As a kid, I preferred firecrackers to Math textbooks. So imagine the irony of me preparing to speak to 12,000 school teachers this coming year. I hope they’ll laugh. Then we’ll dab our eyes together as I tell this powerful story of what one child taught his teacher.
Like me, Teddy Stallard was disinterested in school. Clothes wrinkled. Hair matted. He was smelly and just plain hard to like. Miss Thompson said she loved all the kids the same, but she summoned a certain perverse pleasure from putting Fs at the top of Teddy’s papers. She knew better. She had seen Teddy’s records: 1st Grade: “Teddy shows promise, but poor home situation.” 2nd Grade: “Teddy could do better. Mother seriously ill.” 3rd Grade: “Teddy is a good boy. His mother died this year.” 4th Grade: “Teddy is very slow. His father shows no interest.”

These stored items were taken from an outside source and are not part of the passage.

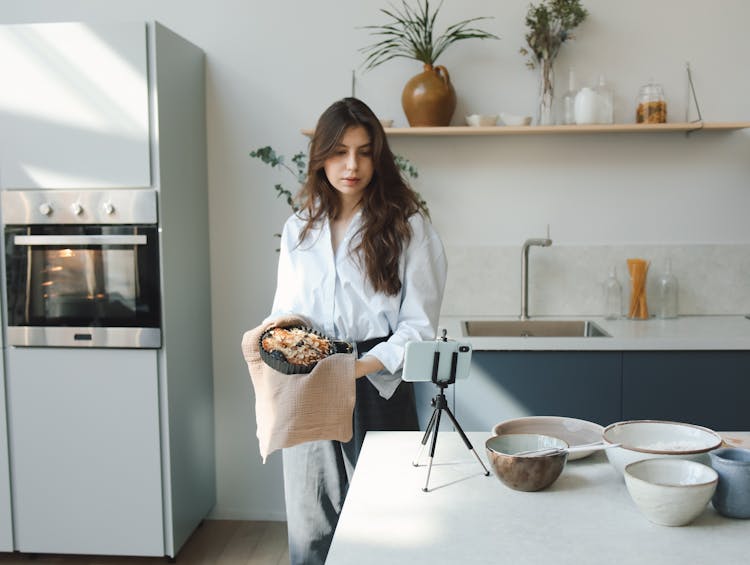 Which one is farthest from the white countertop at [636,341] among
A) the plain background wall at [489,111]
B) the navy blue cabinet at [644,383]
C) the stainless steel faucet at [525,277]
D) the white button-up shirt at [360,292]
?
the white button-up shirt at [360,292]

Just before Christmas the kids brought Miss Thompson presents. Teddy’s was badly wrapped in brown paper. Out fell a gaudy rhinestone bracelet and a bottle of cheap perfume. The kids giggled. Miss Thompson shushed them. She put on the bracelet and dabbed perfume on her wrist. “Doesn’t it smell lovely?” And the children agreed. “Miss Thompson,” said Teddy, “you smell just like my mother…and her bracelet looks real pretty on you, too.” When Teddy left, Miss Thompson got down on her knees and asked God to forgive her. The next day she helped all the children, but especially the slow ones.
Years passed. A letter arrived: “Dear Miss Thompson: I wanted you to be the first to know. I will be graduating 2nd in my class. Love, Teddy Stallard.” Four years later another letter came: “Dear Miss Thompson: They just told me I will be graduating 1st in my class. I wanted you to be the first to know. Love, Teddy.” Four years later: “Dear Miss Thompson: As of today, I am Theodore Stallard, M.D. How about that? I wanted you to be the first to know. I am getting married next month. I want you to come and sit where my mother would sit if she were alive. You are the only family I have now; Dad died last year. Love, Teddy.”
She attended that wedding, of course. She deserved to. Miss Thompson sat proudly where Teddy’s mother would have sat. She had done something for a lost and lonely boy that he would never get over. She not only wore the gifts he gave, she nurtured the gifts he had been given. With God’s help, we can too.